Siyasette, bir yumuşamadır, efendime söyleyeyim normalleşmedir falan gırla gidiyor gitmesine de, halk bir türlü yumuşamıyor.
Doluya koyuyorum almıyor, boşa koyuyorum dolmuyor, bir türlü anlamıyorum.
Kurban bayramı gelirken, en cılız kurbanlık bile 15.000 lira, emekli maaşı 10.000 lira mı acaba diye düşünüyorum ama söz konusu bile değil.
Resmi enflasyon %75, gayri resmisi %125, hissedilen %200 mü? Yooo.
Mazotun 50 liraya dayanmasından kaynaklı değildir ona eminim çünkü malum biz hep o kadarlık alıyoruz.
İşsizlik zaten yok, herkes mesleğini icra edebiliyor, atanamayan öğretmen, sağlık personeli filan desen o da yok.
Dert üstü murat üstü bir toplumda, herkes istediği zaman, istediği şekilde tedavi olabiliyor, üstüne üstlük, muayenesinden ilacına, ilacından tetkiklerine kadar her şey bedava.
Sağlık sistemi bu haldeyken eğitim durur mu hiç? O da bedava. Müfredat desen, dünyanın en tepesinde.

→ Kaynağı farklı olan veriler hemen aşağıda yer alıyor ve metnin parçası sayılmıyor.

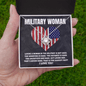 Military Woman Gift - Necklace for Army, Navy, Marine, Coast Guard, Air Force Veteran Wife or Girlfriend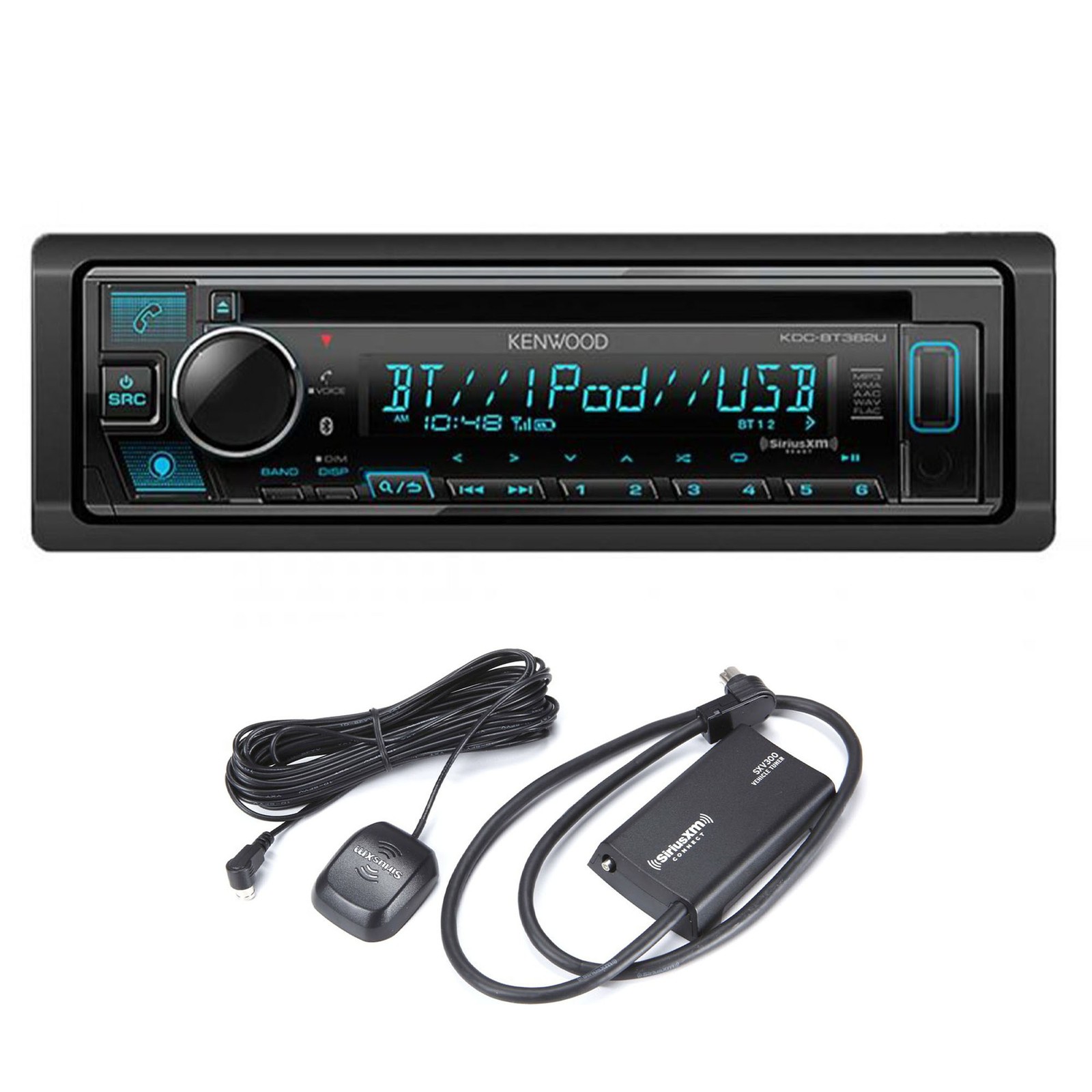 Kenwood KDC-BT382U Bluetooth CD Receiver with USB, Aux & Sirius XM Kit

Fazla değil, 10 seneye, astronot, kuantum fizikçisi, genetik mühendisinden geçilemeyecek.
Asgari ücret desen almış başını gitmiş, verimli kullanan en az yarısını tasarruf edebilir durumda.
Tüm dünyaya sadece tarım ürünü ve hayvan değil, ciddi ciddi teknoloji satıyoruz, ülkemizdeki teknoloji firmalarının sadece binalarını üst üste koysan Jüpiter’e dört şeritli yol yaparız.
Kadınların ve çocukların sokaklarında kendini en rahat hissettiği ülke olmanın yanında, son zamanlarda, dünyadaki en huzurlu sokak hayvanlarının da ülkemizde olduğu ortaya çıktı.
Bakın Avrupa ülkelerine, hepsi; yok efendim mülteciydi, sığınmacıydı falan uğraşırken, bizim ülkemize bırakın sığınmacı akınını, ülkeyi turistik gezi için bile terk etmek istemeyenler olduğu için, ülke resmen şişti.
Uzatmak mümkün de, siz söyleyin bu saydıklarım varken biz neden bir türlü yumuşayamıyoruz? Benim aklıma tek şey geliyor, namkör milletiz anacım namkör. Haydi, kalın sağlıcakla.